Workers have the choice to stay in the factory for weeks and make some money or stay at home with their family.
The result is a small output of the factories, with longer ordering times. On top once ready for shipments, bookings are rolled over and over,
simply due to lack of containers and space.
In practice it means ordering today means cross fingers shipment still will take place this year, so arrival earliest in February 2022.
it also remains to be seen if new announced floods will occur and to what extend thy will affect the crops and logistics.
Also here we foresee spot shortages on the various tropical dehydrated fruits and certainly recommend to look at your needs till early next year.
The unshipped balances of contracts find problems as the remaining quantities in South Africa need more manufacturing to meet the standards.
As we had already a short crop especially on pears, this will mean even further supply problems. Mind you it will take at least another 6 to 7
months till the new crop will be available in Europe!
The last quantities are changing hands for Chilean prunes at record prices.
Also the Californian supply is getting somewhat limited and even more expensive, as worldwide there is a shortage of prunes.

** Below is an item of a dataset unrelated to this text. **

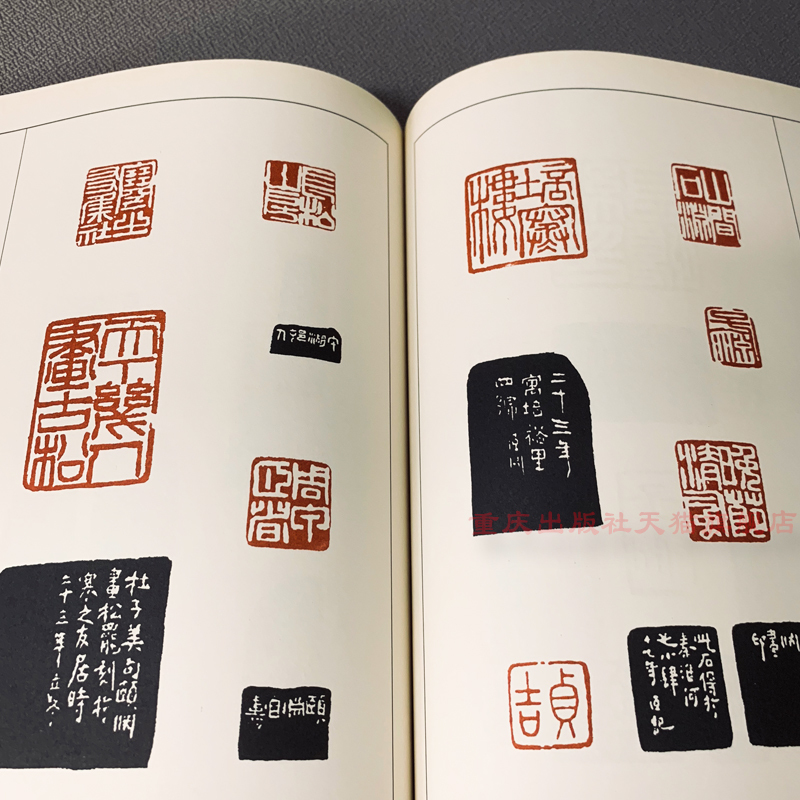 历代印风系列黄惇主编印章印刷精良名家杰作篆刻艺术收藏学习800_800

Had we hoped for some relief from France, over here the crop is disappointing as well and ‘new’ buyers have to wait for their turn.
We expect changes in the market only when the Chilean crop ’22 will be available and till that time unfortunately shall have to cope with a limited availability.
The Turkish Ministry of Agriculture did for the one or other reason not announce an ‘official estimation’ about the crop.
Based on various sources on the spot, it will be safe to expect a total crop of around 300K, being of good quality.
Assisted by the current low Turkish Lira against the dollar, we cannot but say the level one can buy Turkish sultanas is attractive,
certainly compared to other origines and alternatives like Thompson raisins.
For sure TMO will try to push these prices up with their buying policy, so being somewhat ‘long’ may be a safe strategy.
South Africa has sold most of their main stream products like medium goldens and Thompsons.
What is left, is costing somewhat more money compared with a few weeks ago,
California has found the way up and their pricing for Thompsons is considerably higher than the South-African prices, which now are yet still a bargain.
Chile has still some quantities for sale, only a limited position for jumbo goldens.
The increase of prices for Californian walnuts came to a standstill. The shippers fully enjoyed from the little panic with the buyers after the lower objective estimation.
In combination with the empty spot market in Europe and the expected delays in shipments, premiums were paid for the first shipments.
Now first needs are covered, buyers sitting back and waiting for the later periods. They first wish to see if enough product will be shipped. In case of lower shipment
figures they expect the Californians to get nervous and inclined for some promotional prices, as we see now already with some shippers.
For the prices in Europe there will not be much change till the end of the year. Available parcels will be sold easily in this empty market.
From Eastern Europe we hear positive news about quantity and quality, but offers are still on hold.
Chile is more or less sold and last quantities for the higher end products changed hands at increased prices, though the pipelines in Europe remain marginally filled.